The compounds, known as Neonicotinoids or “neonics,” have been in existence since the 1990s. They have been more widely used during the past fifteen years in the form of a pretreatment for corn, soy and wheat seeds.

Assembly Environmental Committee Chair Steve Engelbright says the neonics are a “systemic poison” and have created a second “silent spring,” a reference to the seminal book by Rachel Carson nearly 60 years ago that led to the banning of the pesticide DDT.

“The neonicotinoids are even more toxic and are at least as dangerous,” Engelbright said. “And we haven’t really addressed this.”

Dan Raichel, with the Natural Resources Defense Council, says scientific studies that link the increased use of the chemical to the mass honey bee dies offs in recent decades.

“Neonics are exceptionally insect toxic,” said Raichel who said one crop of the treated seeds contain enough active ingredients to “kill a quarter million bees or more.”

He says the chemical is not just deadly to insects, but leaches into the surrounding soil and water and can harm birds, mammals and even humans. Raichel and other environmentalists who testified cite data that links the presence of the chemical to an association with autism in children. Studies estimate half of all Americans have some level of neonic pesticides in their bodies.

The bill would limit the use of the chemical. It could no longer be used as a preemptive or prophylactic treatment, but could be used in response to a specific infestation on a farm. Engelbright says the European Union and Canada have already imposed similar restrictions.

Researchers from Cornell University detailed the results of a study that finds the use of the chemical does not necessarily help farmers fight off pests more effectively or achieve better crop yields. Dr. Scott McArt, a professor of entomology at Cornell, says farmers have increasingly used it as an inexpensive method of “insurance” against possible pest outbreaks.
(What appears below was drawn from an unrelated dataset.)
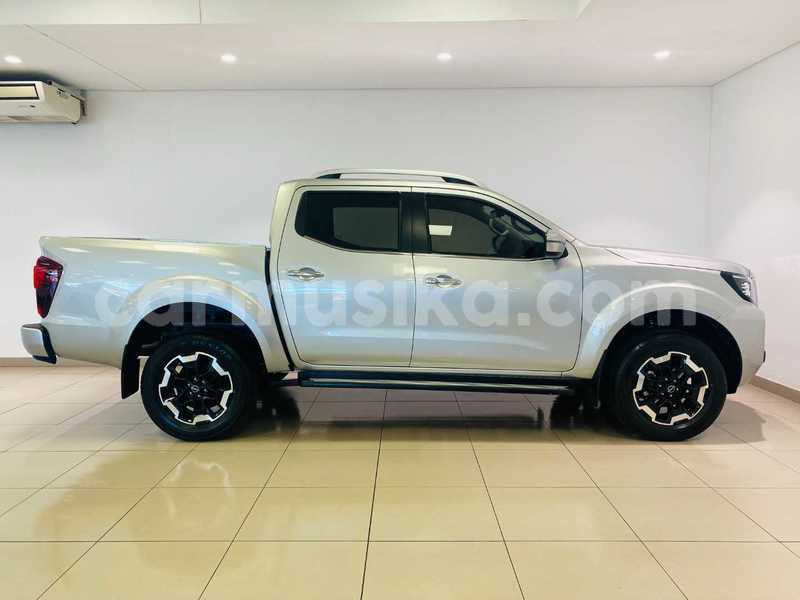 Big with watermark nissan navara matabeleland south beitbridge 36757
McArt says insects can also develop immunity to the chemical, making it ineffective to quell infestations. He says there are alternatives, including more frequent crop rotation and the use of biological pest controls.

Industry representatives who testified at the hearing argue that neonics are safe and effective. Caydee Savinelli is with the Switzerland-based Syngenta, one of the largest sellers of agricultural pesticides in the world. She says the chemicals are an important aid to farmers responding to climate change, which has caused sudden insect infestations that threaten crops.
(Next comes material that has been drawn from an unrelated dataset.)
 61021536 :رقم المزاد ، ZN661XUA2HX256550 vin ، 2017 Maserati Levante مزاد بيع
“With climate change, we don’t really understand the long-term effects,” Savinelli said. “We certainly know with bumble bees, they’re not as adaptive as some other bees, so that’s a concern.”
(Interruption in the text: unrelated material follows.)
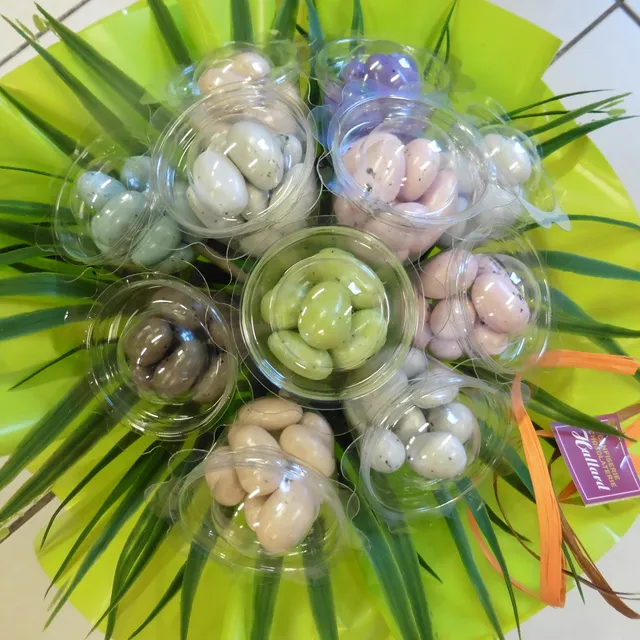 hallard-bouquets-de-friandises-11-fleurs-amandes-chocolat image 1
Members of the state’s Farm Bureau also testified, saying the chemical is an important part of an integrated pest management system that works to protect pollinators. They asked the Assembly members to listen to science before deciding to limit their use.

Savinelli, who says her grandfather grew oranges in Florida, says limiting the use of neonics would lead to higher food prices.

“When you look at it across the board, it does increase the cost,” she said.

Savinelli says instead of worrying about the potential harmful effects of the pesticides, more people should plant flower gardens to help support pollinators, and turn off their outside lights at night to protect moths and other nighttime insects.

That led Assemblymember Harvey Epstein to admonish Savinelli and the other industry representatives, for what he says is a failure to consider the potential long-term harm from the chemical.

“I would hope that we aren’t just focusing on the cost of orange juice,” Epstein said. “But what will our societal costs be?”

The measure to limit the use of neonic pesticides has already been approved in the State Senate.

Karen DeWitt is Capitol Bureau chief for New York State Public Radio, a network of public radio stations in New York state. She has covered state government and politics for the network since 1990.